In some cases, a buyer must pay prorated home costs already paid by the seller. An example would be annual property taxes.
If the seller has paid the full year of property taxes for a home, even though they are moving out before the year’s end, the buyer will take on a prorated share of the cost. This means that the buyer will pay tax fees to the seller based on the number of months left in the year starting on closing day. Prorations can also apply to utility bills, homeowner association (HOA) fees, condo fees, and more.
Attorney fees are also considered part of closing costs. A real estate attorney helps to ensure the proper legal transfer of a property from the seller to the buyer. While using an attorney is optional in some cases, state laws in Connecticut, Delaware, Georgia, Massachusetts, New York, North Carolina, South Carolina, and West Virginia require the use of a licensed real estate attorney to handle at least some parts of a property transaction.

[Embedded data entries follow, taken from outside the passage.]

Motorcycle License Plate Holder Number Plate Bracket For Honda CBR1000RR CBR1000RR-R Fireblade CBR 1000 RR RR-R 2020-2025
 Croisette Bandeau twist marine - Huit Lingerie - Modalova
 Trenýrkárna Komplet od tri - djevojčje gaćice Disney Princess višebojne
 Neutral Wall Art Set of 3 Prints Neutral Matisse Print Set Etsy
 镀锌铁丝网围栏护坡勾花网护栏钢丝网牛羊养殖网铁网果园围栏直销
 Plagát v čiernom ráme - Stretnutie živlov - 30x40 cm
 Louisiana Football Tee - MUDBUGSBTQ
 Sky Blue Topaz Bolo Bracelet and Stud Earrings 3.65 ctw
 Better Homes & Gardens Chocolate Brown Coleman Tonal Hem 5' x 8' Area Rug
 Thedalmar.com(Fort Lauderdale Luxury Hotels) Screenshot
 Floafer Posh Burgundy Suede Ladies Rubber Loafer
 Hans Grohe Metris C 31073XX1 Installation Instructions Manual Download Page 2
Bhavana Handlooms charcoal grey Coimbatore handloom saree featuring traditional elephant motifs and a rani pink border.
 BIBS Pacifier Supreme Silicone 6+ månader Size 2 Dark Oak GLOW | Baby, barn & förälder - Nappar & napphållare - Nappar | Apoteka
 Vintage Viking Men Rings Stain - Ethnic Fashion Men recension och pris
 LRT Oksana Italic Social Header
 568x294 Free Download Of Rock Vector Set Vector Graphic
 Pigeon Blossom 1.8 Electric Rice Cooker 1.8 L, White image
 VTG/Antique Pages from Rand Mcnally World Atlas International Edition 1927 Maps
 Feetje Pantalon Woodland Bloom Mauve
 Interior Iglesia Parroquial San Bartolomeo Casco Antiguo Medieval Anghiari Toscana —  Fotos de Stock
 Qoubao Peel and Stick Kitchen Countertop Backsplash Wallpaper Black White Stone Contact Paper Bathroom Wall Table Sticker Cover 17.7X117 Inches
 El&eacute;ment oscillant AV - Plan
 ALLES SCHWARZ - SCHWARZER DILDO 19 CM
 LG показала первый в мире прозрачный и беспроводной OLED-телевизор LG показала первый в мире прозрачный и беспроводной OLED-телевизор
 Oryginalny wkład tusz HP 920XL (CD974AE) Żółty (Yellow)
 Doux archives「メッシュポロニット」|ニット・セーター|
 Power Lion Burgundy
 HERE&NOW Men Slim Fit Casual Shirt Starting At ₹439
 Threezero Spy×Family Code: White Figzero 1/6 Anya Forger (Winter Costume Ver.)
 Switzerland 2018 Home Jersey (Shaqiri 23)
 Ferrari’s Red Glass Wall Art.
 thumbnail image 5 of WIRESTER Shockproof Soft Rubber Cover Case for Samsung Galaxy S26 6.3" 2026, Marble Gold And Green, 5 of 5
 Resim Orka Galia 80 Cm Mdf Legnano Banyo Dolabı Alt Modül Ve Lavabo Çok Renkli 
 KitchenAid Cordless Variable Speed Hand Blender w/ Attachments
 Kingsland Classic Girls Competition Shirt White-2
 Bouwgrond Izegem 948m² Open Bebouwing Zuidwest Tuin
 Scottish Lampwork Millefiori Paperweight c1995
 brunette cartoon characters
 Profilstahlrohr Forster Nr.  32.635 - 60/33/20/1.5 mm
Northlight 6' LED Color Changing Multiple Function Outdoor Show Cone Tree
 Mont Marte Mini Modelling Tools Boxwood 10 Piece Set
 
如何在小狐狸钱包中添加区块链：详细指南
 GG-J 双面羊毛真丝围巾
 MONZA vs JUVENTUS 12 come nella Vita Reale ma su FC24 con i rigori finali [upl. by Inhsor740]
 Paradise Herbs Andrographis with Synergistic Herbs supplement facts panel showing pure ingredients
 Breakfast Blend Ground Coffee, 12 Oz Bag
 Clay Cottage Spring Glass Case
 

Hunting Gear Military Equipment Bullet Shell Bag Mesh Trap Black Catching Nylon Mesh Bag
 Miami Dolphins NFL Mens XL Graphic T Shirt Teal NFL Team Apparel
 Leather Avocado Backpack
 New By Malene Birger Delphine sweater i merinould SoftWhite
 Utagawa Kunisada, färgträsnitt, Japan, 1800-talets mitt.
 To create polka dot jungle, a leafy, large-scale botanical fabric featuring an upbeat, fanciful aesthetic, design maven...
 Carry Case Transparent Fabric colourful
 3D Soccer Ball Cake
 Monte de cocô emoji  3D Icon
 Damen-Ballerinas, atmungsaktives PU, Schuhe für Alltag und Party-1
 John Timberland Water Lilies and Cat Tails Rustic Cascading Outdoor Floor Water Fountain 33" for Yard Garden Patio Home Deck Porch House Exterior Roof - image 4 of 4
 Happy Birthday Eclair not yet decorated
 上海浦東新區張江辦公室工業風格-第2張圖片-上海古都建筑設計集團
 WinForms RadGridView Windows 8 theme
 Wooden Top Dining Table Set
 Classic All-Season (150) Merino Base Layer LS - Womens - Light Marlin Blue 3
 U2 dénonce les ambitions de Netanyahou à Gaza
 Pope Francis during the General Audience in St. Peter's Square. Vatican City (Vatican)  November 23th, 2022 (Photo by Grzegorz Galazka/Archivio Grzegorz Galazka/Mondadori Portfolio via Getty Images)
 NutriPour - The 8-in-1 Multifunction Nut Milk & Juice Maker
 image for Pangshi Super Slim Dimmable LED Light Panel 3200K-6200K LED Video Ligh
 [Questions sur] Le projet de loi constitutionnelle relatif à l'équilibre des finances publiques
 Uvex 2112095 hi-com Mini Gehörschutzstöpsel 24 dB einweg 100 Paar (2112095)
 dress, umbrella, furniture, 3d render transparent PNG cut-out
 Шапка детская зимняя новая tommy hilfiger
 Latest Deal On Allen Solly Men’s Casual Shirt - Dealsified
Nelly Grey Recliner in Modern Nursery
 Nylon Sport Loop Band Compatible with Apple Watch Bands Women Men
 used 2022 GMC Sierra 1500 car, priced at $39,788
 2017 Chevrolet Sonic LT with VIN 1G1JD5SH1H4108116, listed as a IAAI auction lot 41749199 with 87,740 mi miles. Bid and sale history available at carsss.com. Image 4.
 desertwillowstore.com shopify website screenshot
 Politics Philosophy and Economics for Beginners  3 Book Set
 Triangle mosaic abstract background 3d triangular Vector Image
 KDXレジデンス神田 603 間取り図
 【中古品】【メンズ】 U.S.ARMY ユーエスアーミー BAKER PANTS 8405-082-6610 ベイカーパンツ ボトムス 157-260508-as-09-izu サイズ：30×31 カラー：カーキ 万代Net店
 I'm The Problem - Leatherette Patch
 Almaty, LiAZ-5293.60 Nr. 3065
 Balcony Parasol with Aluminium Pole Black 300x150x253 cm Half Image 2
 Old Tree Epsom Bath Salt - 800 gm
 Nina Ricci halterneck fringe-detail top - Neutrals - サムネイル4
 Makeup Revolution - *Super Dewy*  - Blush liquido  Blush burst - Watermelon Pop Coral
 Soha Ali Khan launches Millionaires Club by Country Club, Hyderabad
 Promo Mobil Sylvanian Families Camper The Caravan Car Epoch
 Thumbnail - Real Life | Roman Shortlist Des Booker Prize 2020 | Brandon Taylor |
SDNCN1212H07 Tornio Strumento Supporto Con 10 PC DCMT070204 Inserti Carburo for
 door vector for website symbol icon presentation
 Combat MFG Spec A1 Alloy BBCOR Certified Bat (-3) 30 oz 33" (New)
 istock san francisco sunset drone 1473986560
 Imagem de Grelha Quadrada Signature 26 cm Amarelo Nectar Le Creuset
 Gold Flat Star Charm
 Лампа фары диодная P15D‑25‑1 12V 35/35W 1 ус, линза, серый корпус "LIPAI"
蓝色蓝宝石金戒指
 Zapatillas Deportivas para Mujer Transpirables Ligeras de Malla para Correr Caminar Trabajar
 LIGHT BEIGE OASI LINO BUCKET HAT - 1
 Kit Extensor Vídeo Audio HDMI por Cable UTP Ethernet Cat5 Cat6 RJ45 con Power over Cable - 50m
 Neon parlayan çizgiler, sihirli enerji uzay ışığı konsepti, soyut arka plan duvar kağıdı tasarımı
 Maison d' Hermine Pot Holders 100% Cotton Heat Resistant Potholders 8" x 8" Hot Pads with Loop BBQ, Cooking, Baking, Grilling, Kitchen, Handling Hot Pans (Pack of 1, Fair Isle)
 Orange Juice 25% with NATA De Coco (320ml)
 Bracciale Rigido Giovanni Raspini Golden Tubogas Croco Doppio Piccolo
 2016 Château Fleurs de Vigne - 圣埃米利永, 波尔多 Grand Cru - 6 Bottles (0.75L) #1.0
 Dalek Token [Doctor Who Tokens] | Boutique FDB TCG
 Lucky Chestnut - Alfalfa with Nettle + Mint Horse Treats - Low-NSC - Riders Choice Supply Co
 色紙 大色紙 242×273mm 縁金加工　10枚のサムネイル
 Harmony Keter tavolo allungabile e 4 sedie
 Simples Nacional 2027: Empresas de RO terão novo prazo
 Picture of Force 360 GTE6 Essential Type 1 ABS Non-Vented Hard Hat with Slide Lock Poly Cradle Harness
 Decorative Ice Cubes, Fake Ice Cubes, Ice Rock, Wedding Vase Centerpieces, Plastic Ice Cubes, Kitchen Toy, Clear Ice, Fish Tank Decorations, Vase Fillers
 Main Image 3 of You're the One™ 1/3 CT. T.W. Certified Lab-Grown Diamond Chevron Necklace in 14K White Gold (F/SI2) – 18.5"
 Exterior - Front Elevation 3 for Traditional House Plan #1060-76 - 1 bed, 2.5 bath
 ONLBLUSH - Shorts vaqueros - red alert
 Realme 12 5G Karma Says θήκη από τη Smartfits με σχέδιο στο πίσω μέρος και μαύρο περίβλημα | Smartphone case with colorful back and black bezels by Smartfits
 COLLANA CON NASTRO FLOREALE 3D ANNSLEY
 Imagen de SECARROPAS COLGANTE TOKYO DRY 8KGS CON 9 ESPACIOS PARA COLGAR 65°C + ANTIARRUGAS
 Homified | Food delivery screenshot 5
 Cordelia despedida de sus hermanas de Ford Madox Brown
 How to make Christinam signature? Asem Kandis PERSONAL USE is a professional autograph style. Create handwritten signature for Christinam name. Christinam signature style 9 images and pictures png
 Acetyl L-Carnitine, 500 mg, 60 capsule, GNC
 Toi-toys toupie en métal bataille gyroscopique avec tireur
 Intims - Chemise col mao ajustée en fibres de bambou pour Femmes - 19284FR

If you’ve opted for a rate-lock fee, you’ll pay this at closing. Rate locks allow borrowers to lock in their interest rates during the time between preapproval and closing. Generally, a rate-lock fee can be up to 0.50% of the loan value. Always ask about a free rate lock when shopping for mortgages!
Can You Make Closing Costs Part of the Mortgage?
If average closing costs for buyers are making it hard to afford a home, it’s possible to roll closing fees into a home loan in some cases, depending on a lender’s rules.
The upside to rolling real estate closing costs into a mortgage is that the buyer can purchase a home even if they don’t have a lot of cash to close. The downside is that the buyer will pay more interest over time because the additional fees will make the mortgage larger.
Is There a Way to Reduce Home Closing Costs?
Most closing costs on a house are unavoidable. However, buyers do have some control.
The best way to reduce closing costs is to shop around with different lenders. Some lenders advertise competitive closing costs. What’s more, a lender offering a lower interest rate will help to offset some of the unmovable closing costs.
Of course, asking for seller concessions to reduce closing costs is another option. When taking this route, it’s important to do research to understand how much a seller can legally contribute based on the loan type. With that information in hand, the buyer can approach the seller with a request for concessions.
Just keep in mind that a seller is free to reject this request!
Final Thoughts on House Closing Costs
Closing costs are unavoidable. The good news is that most closing costs go toward fees and services that protect the buyer from making a bad decision.
When shopping for homes, add another 3% to 6% on top of the asking price to get a better idea of how much each home will cost once closing costs are factored into the mix.
Finally, don’t agree to close until the lender provides a legally required closing disclosure which is an estimate of how much cash you will need to close. They must give you this document at least three business days before a scheduled closing.
If the lender is being unresponsive about submitting this document, you can file a complaint with the Consumer Financial Protection Bureau (CFPB).